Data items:
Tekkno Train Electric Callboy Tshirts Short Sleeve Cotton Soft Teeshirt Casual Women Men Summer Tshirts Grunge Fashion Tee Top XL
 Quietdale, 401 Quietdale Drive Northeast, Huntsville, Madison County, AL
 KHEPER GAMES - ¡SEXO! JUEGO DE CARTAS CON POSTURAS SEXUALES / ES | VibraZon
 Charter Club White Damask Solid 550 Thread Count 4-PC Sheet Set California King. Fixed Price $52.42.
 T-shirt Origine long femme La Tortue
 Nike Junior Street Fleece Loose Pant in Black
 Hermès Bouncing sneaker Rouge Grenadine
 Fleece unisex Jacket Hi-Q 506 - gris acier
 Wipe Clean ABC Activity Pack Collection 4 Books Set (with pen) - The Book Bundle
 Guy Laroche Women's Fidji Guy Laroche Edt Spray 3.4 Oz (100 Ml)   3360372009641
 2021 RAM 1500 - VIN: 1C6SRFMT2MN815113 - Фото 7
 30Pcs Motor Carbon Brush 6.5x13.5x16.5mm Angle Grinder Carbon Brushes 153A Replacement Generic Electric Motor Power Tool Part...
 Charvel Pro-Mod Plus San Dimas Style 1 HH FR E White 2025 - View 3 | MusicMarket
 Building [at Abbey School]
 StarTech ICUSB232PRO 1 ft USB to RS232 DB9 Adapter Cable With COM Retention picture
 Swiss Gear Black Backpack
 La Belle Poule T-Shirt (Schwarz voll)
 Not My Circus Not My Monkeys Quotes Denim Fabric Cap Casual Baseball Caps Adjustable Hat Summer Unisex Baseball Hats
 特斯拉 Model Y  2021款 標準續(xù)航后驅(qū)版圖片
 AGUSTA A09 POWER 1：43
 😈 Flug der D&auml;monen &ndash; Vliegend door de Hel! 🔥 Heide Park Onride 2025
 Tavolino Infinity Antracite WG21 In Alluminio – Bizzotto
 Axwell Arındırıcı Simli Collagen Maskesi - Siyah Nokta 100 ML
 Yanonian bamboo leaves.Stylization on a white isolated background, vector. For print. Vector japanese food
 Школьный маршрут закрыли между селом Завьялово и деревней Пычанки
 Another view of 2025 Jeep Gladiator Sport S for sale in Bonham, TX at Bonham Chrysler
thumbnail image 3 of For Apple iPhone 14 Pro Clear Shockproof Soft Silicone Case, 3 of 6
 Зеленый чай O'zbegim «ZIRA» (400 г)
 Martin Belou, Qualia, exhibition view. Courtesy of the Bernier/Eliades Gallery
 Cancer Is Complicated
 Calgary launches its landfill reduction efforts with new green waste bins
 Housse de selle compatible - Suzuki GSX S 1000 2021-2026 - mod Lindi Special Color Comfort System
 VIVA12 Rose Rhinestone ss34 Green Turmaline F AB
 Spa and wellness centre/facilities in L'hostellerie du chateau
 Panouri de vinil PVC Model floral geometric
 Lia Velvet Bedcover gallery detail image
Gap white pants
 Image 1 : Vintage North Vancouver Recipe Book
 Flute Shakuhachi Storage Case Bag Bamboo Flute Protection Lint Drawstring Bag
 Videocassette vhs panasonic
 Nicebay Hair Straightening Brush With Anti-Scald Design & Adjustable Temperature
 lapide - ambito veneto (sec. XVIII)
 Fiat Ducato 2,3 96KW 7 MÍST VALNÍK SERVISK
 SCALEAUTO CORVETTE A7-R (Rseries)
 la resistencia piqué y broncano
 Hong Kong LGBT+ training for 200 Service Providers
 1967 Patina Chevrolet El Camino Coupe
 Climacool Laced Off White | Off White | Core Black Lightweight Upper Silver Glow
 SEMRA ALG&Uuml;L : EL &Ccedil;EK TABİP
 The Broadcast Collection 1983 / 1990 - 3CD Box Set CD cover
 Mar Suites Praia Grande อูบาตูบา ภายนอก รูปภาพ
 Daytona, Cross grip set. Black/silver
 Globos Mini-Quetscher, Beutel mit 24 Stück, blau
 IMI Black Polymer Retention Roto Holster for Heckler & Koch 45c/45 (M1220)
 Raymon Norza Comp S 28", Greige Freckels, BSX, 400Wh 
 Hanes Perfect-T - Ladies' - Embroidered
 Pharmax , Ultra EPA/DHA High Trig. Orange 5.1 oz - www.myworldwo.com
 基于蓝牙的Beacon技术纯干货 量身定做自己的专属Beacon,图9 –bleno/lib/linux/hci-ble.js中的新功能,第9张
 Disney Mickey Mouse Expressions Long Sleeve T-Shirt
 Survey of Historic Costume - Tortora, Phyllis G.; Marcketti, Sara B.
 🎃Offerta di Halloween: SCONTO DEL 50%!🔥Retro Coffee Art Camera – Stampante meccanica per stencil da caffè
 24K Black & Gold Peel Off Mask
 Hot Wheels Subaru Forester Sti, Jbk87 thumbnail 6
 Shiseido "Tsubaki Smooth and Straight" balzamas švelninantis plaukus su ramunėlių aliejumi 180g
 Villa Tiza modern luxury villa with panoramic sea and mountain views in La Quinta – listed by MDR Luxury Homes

Problem description =
Copying begins at the line that holds "ramunėlių aliejumi 180g" and ends at the last line of the data above, with both included and each line kept exactly.

Task answer =
 Shiseido "Tsubaki Smooth and Straight" balzamas švelninantis plaukus su ramunėlių aliejumi 180g
 Villa Tiza modern luxury villa with panoramic sea and mountain views in La Quinta – listed by MDR Luxury Homes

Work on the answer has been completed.